Themes of David Davis MP's response to yesterday's statement by Jacqui Smith on 'Earned Citizenship':
Citizenship requirements have been too lax: "The Home Secretary now says that she wants to restrict citizenship to those who have earned it. But it was her Government who relaxed the requirements in the first place, when, in 2004, they removed the requirement to provide a passport to support the application. They dropped the standards so far that they awarded citizenship to Muktar Ibrahim after he had spent three years in prison for violent crime, and had been arrested for disseminating extremist literature. He then used his British passport to travel to Pakistan to train as a would-be suicide bomber. At least, I suppose, these new rules—limited and late as they are—would have presumably denied him citizenship. But can the Home Secretary explain how her new system would have stopped Abu Hamza gaining citizenship? He became a citizen through his British wife. Under the new system he might have to wait two years before he became a probationary citizen, then another year if he could demonstrate “active citizenship”. The proposed system would not have stopped him gaining that citizenship."

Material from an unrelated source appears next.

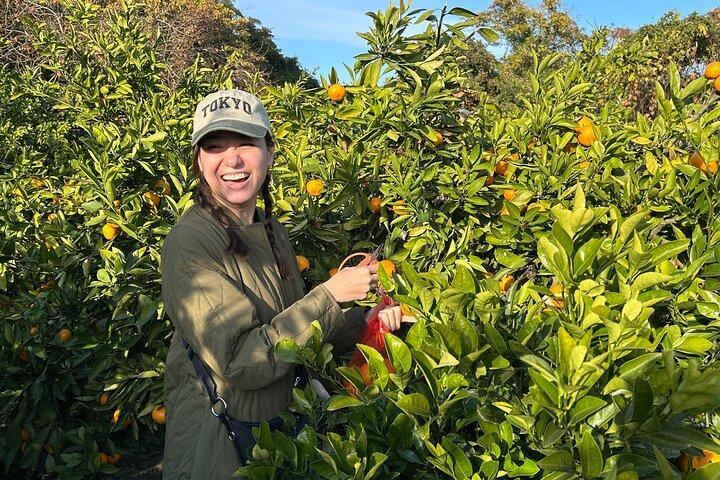 Miyakubochu Walking Foodie Adventure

Tax on new arrivals is a gimmick: "Much of what the Home Secretary has said is an attempt to talk tough without taking effective measures, but she has at least finally admitted, for the first time, that public services are affected by large-scale immigration. It is the Government’s first admission of that. She proposes a Government-run fund, paid for by another tax on new arrivals. But let us consider the numbers. It is reported in the Green Paper that the fund will raise tens of millions of pounds. The original Green Paper—last Friday’s version—referred to £15 million. Will she clarify how many tens of millions will be raised? In any case, the amount will not even be enough to pay the policing costs of immigration, an issue raised by the chief constable of Cambridgeshire only a few months ago. It is barely one tenth of the cost to the national health service of immigration, little more than one twentieth of the costs to local government of immigration and it barely scratches the surface of the full public services cost of immigration. It is, in short, a gimmick."

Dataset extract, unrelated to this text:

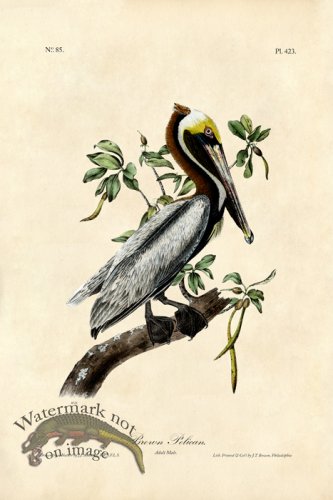 (image for) Brown Pelican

Britain needs controlled immigration, not new bureaucracy: "The sensible approach is simple: we should deal with the original cause of the problem, put a limit on immigration and bring it down to much more manageable levels. That is simpler, cheaper and better for Britain, and will preserve Britain’s excellent history of good community relations, which is being put at risk by an incompetent and irresponsible immigration policy."